In 1945, White finally finished a draft of Stuart Little and sent it to Ursula Nordstrom, the director of Harper’s Department of Books for Boys and Girls. Nordstrom passed along an advance copy to Moore, who did little to hide her loathing for a story that spliced together fact and fantasy in what she believed was a distasteful way that would confuse children and ruin White’s reputation. She urged Nordstrom not to publish it, sent E.B. White a 14-page letter detailing her criticisms, and proclaimed she “never was so disappointed in a book in [her] life.” It's believed Moore used her influence to keep the tale off the shelves of the New York Public Library—and libraries around the country.
6. Not all the critics loved Stuart Little.
Fortunately for fans of anthropomorphic mice, Nordstrom ignored Moore’s melodramatic warning and published the novel anyway. Plenty of people enjoyed White’s somewhat strange foray into children’s stories, but Moore wasn’t the only disappointed reader. The New York Times book critic Malcolm Cowley, for one, didn’t think White had created a classic by any means.
“If I also found it a little disappointing, perhaps that is because I had been expecting that E. B. White would write nothing less than a children's classic,” he wrote in his review. “Mr. White has a tendency to write amusing scenes instead of telling a story.”

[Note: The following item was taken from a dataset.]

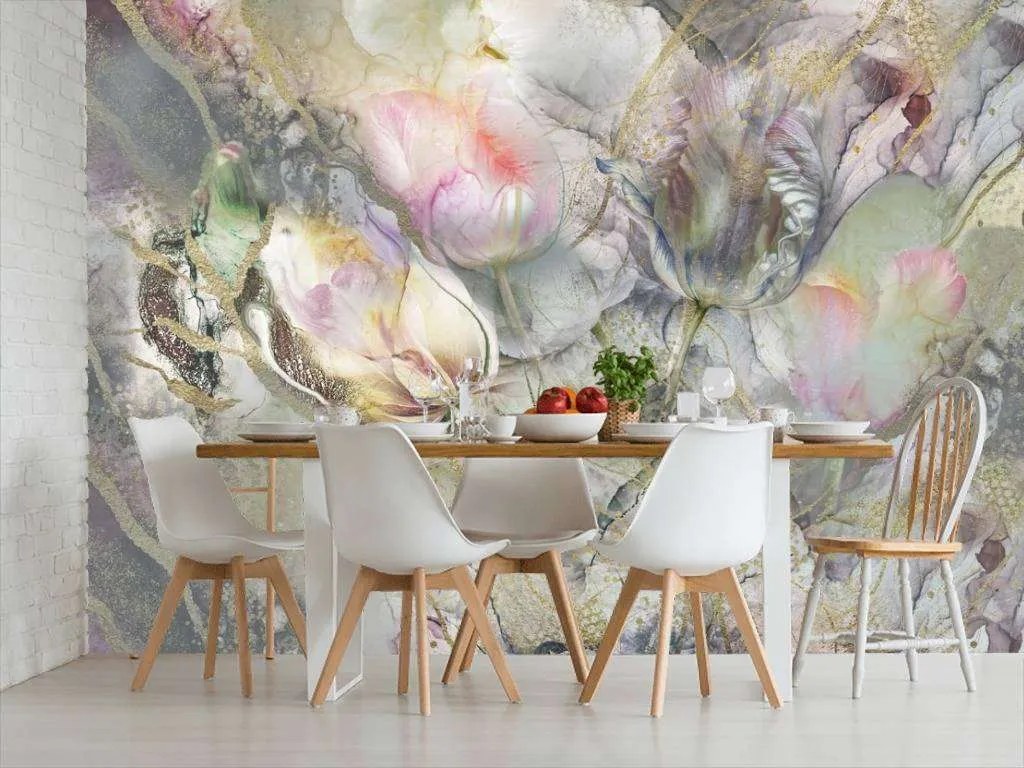 Фотообои в интерьере сила жизни  13-004 фото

The New Yorker’s Edmund Wilson also found it amusing, but was “disappointed that [White] didn’t develop the theme more in the manner of Kafka.”

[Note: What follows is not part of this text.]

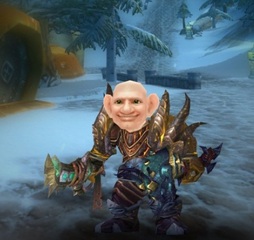 Cheap WoW Accounts Level 85 Male Gnome Warrior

7. It’s not totally clear if Stuart Little is actually a mouse.
In the 1999 film adaptation of Stuart Little (with a screenplay co-written by M. Night Shyamalan, by the way), there’s no denying the titular character is a mouse—not only does he look like a furry white mouse that came straight from a laboratory experiment, but he also refers to himself as a mouse. The book, on the other hand, isn’t quite so clear. The story opens with the birth of Stuart, whom White calls a “baby” who “looked very much like a mouse in every way,” and the rest of the book contains references to Stuart as a “boy,” a “man,” and a “person.” In other words, while Stuart is frequently compared to a mouse, White never actually comes right out and says he is a mouse.

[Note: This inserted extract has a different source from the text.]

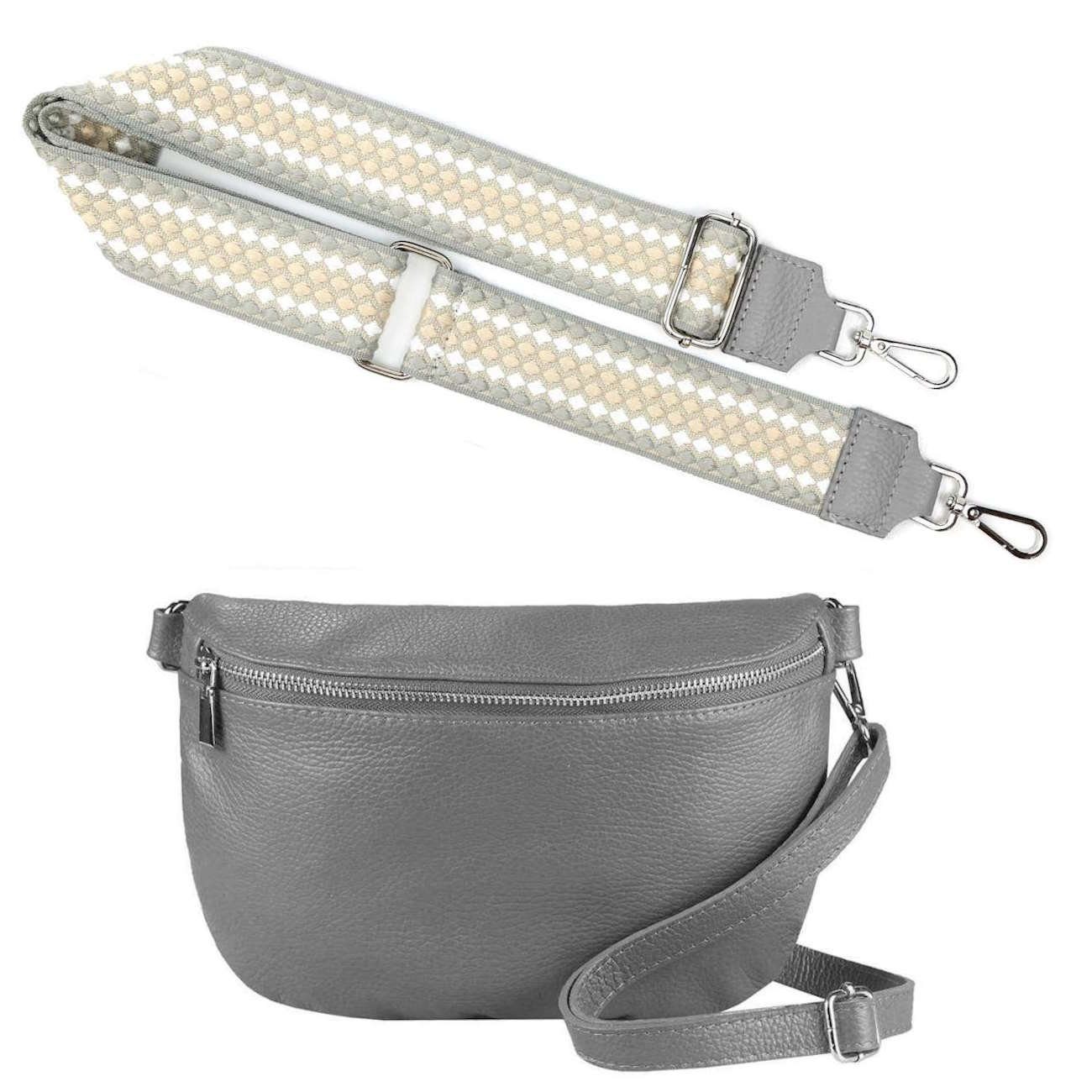 ITALYSHOP24 Bauchtasche Made in Italy Damen günstig online kaufen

8. E.B. White slightly altered the book's first sentence for later editions of Stuart Little.
In the original edition of Stuart Little, White’s first sentence begins, “When Mrs. Frederick C. Little’s second son was born …” implying Mrs. Little literally gave birth to a mouse (or mousy creature). After reading it, New Yorker co-founder Harold Ross reportedly told White he should’ve had the Littles adopt Stuart instead—possibly because the idea of a human woman giving birth to a rodent or rodent-like being seemed a little too off-putting for the time. White didn’t go so far as to add an entire adoption scene in later printings of his novel, but he did tweak one tiny verb to make the circumstances of Stuart’s birth a little less explicit: If you pick up a copy of Stuart Little today, you’ll notice Mrs. Frederick C. Little's second son “arrived.” The 1999 film, however, did add an entire adoption scene. In it, the Littles visit an orphanage and end up bringing home a teenaged Stuart.
9. A fifth-grader in Illinois came up with a much happier ending for Stuart Little.
Stuart Little ends on a somewhat hopeful, open-ended note, with Stuart speeding off in his little car in search of Margalo, the songbird who had fled to avoid being eaten by the Littles’ cat, Snowball. “The way seemed long,” White writes, but “he somehow felt he was headed in the right direction.” In 1946, for a school assignment, a fifth-grader in Illinois envisaged a much less melancholy ending for the young mouse-man and his avian companion. In hers, Stuart runs into Margalo at a gas station and offers the owner “a whole ten dollars” for his bird. He agrees, and the pair returns to New York where they get married and raise “a family of half mice and half birds.” It’s unclear if half their children were mice and the other half were birds, or if all the children were half-mouse, half-bird.